(Data Opens)
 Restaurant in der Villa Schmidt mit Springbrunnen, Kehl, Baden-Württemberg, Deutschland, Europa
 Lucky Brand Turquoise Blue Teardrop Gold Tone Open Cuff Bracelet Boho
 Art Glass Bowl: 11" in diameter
(Data Closes)
▸ **Exercise aim**
Print out an identical copy of the whole listing.

▸ **Response to the task**
 Restaurant in der Villa Schmidt mit Springbrunnen, Kehl, Baden-Württemberg, Deutschland, Europa
 Lucky Brand Turquoise Blue Teardrop Gold Tone Open Cuff Bracelet Boho
 Art Glass Bowl: 11" in diameter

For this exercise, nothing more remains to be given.